## WHAT THIS TASK INVOLVES
The listing below is to be reproduced in full, exactly as given.

## GIVEN INFORMATION
★ ★ ★ ★

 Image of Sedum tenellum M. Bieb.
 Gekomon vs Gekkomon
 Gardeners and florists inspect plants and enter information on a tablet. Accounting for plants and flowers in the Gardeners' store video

★ ★ ★ ★

## RESULT OF THE TASK
 Image of Sedum tenellum M. Bieb.
 Gekomon vs Gekkomon
 Gardeners and florists inspect plants and enter information on a tablet. Accounting for plants and flowers in the Gardeners' store video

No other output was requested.